Monday mornings, definitely my hump day. Hard to get out of bed, harder to go to the gym before work, a healthy breakfast tastes more like cat food than All Bran and its damn near impossible to get motivated for the week at work. It’s freezing cold too to add salt to my wounds. It’s windy as hell. God I’m whinging today. Normally I have the excuse of too big a weekend, still silently suffering a hangover, carb overload, no exercise. Not today. I know the reason. It’s like the frigging day before Armageddon, like I’m walking to the gallows. I’m so nervous I feel sick to my stomach. I thought I would be excited. Though I’m looking forward to seeing him this weekend, I know that after Saturday night the beautiful man in my memories will be dead to me. He has long been dead. It’s just that damn movie screen inside my head keeping him alive, hero worshipping him. I know this is probably going to be the last week I can dream about him from afar, but reality is a bitch. A bitch that’s going to bite me hard on the ass on Sunday morning. I’m dreading it. It’s like I’ve already started to mourn the loss of him, even though he’s not even mine to lose. I am on the train, it’s an hour trip to work as I purposely looked for a job well out of my zip code. Don’t want to bump into any of my sexual psychotics at the coffee shop or grocery store.

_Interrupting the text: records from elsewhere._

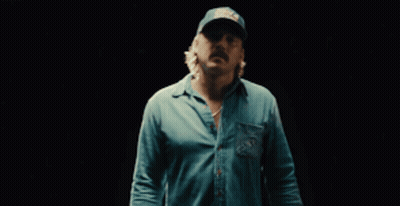 A Man Wearing A Blue Shirt And A Hat That Says Field & Stream GIF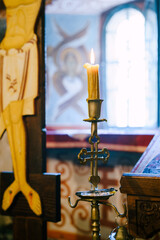 Obraz na płótnie Canvas Wax candle on a candlestick near the crucifix in the temple
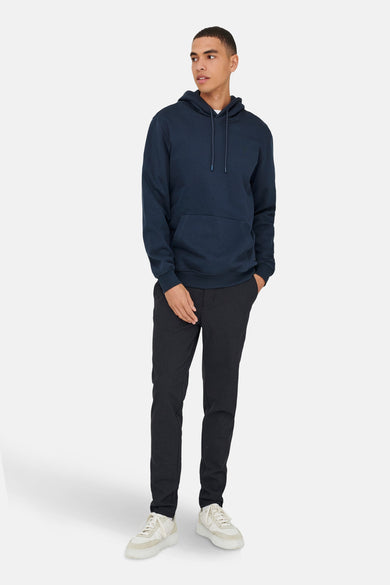 Blauwe sweater met kap van ONLY & SONS®, gecombineerd met donkere broek en witte sneakers.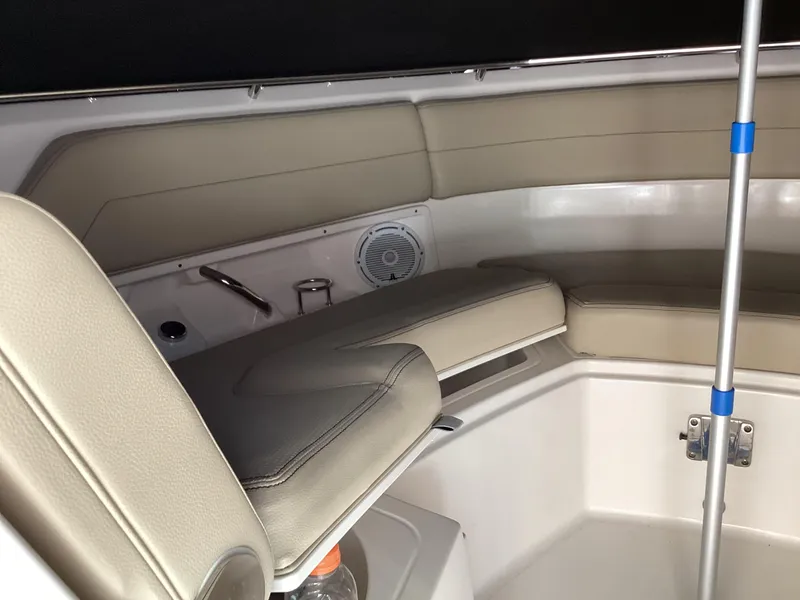 Slide: The Image of 2017 Pursuit DC 325 Dual Console interior with beige seating and speaker. - 13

It’s a hassle getting to and from work but I feel safer having that bit of anonymity away from my patients. In the line of work I do my patients don’t want to bump into me either so it’s a win, win both ways. I shuffle up the aisle and take a window seat. I lean my head on the window, close my eyes and start to doze. I just need to get through the week. My mind wanders back to the man who haunts me, even in my sleep.
Finally this week is over—it’s been a marathon just getting through it. I am sitting on the plane waiting to exit at Melbourne airport.
“Why do they take so long to open the doors?” Bridget yawns as she stretches in her seat.
“Hmm, I know,” I answer as I stretch my legs. Brock our brother is sitting across the aisle with our parents and gives me a wink. I love Brock, he is in the navy, a seal. He is home in Sydney for three months which is unusual for him. He’s hardly ever home. You know, off saving the world and all that. He is six two and pure hard ass, he dotes on Bridge and me. Way over the top protective but I kind of like it. Bridge hates it. Brock punched her last boyfriend in the nose at Christmas lunch a couple of years ago. It was hilarious, although Bridge didn’t find the humour. What I didn’t tell her was that if Brock hadn’t done it I might have. Mark was his name, of course a total wanker. Boy, she sure does attract losers. I smile at the memory.
“What’s so funny?” Bridge asks me. I shake my head. If she only knew what I was thinking about. I finally enter the aisle and Brock grabs me from behind in a headlock and gives me a rough hug “Your snoring kept me awake,” he whispers.
I nudge him with my elbow. “Shut up, I don’t snore.”
“Yeah you do,” he laughs and he pushes me forward so I bump into the guy in front of me who turns around and glares at me.
“Sorry. I tripped,” I whisper. He glares at me and continues up the aisle.
I turn around and punch Brock. “Cut it out, how old are you?”
“Let’s go out for dinner on the way to the hotel.” He gestures to Dad to go into the aisle.
“Good idea,” Mum answers. I roll my eyes at Bridge. I want to go straight to bed. I’m exhausted. I’ve had a shit of a day. My most hated patient, Roger the sex addict, had a two–hour block appointment. Why does the receptionist make those appointments anyway? I will have to put a stop to it. I had to listen to every last detail of his latest orgy. Seriously gross. Why he feels I have to know everything is beyond me. Imagine a 1980s bad porn movie and that is the exact vision of Roger: bad moustache, comb–over, tinted hair, rates himself big time, overdose on the aftershave that smells more like fly spray. Seriously, he is beyond help. Gives me a cold shiver just thinking of him. God, I feel sorry for his wife. Imagine having him for a husband and he’s a sex addict who wants it all the time. Shit, it doesn’t get much worse, poor bitch. I wince.
“What’s wrong? Why are you pulling that face?”
I smile and shake my head. “Nothing, I’m tired. Can’t we just get room service?”
“Tash, just lighten the fuck up,” Brock chimes in. “We are on holiday, chillax will you.”